Voters in Colorado and Washington state have approved ballot initiatives that legalize recreational marijuana use for those over the age of 21.
Federal law prohibits such use, so legal wrangling between these states and the federal government is, no doubt, in the offing. But the implications of legalized marijuana for recreation—from a psychiatric perspective—could be massive.
Legalizing marijuana for recreational purposes will, of course, lead to its use by many, many more residents of Colorado and Washington. Its wide availability commercially will assure that.
This means—whether one supports legalizing marijuana or not (and I happen to support it)—that Colorado and Washington officials must anticipate that daily or near-daily use of the substance will be the norm for a larger percentage of residents (as it is now, for a far smaller percentage).
And in my opinion, judging from the frequent users of marijuana I have met with in my practice, this predicts a likely increase in the number of people suffering with depression, the number suffering with worsening symptoms of underlying psychotic illnesses, the number suffering with attention deficit and memory problems and the number who will be involved in accidents at work and on the roads.

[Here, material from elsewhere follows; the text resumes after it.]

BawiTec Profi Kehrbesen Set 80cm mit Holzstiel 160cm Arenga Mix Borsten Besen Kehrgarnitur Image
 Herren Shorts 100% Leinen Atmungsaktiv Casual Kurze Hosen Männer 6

Colorado and Washington should begin very aggressive public awareness campaigns about the dangers of marijuana use right now, to try to reduce the toll of the substance. Perhaps they should earmark a large percentage of all state revenues from marijuana sales for that purpose. The end of Prohibition is an instructive example; alcohol-related illnesses skyrocketed.
It will also be desirable to now devise protocols to test the blood of drivers who seem to be driving under the influence. Breathalizers that detect alcohol won’t suffice. Marijuana can impair driving, too. And marijuana is frequently “cut” with other mind-altering drugs.
Even though I think legalizing marijuana is the correct path, in-keeping with giving people autonomy (and inkeeping with avoiding the hypocrisy of arresting people for using something a whopping percentage of our lawmakers have used), I believe the substance is dangerous when used for pleasure—especially, habitually. It has poorly understood and substantial neurochemical effects on the brain.
No matter what anyone says, I am utterly convinced from my 20 years practicing psychiatry, that it does act as a gateway drug, tempting people to use other illicit substances, including opiates. And that’s just the beginning of the trouble.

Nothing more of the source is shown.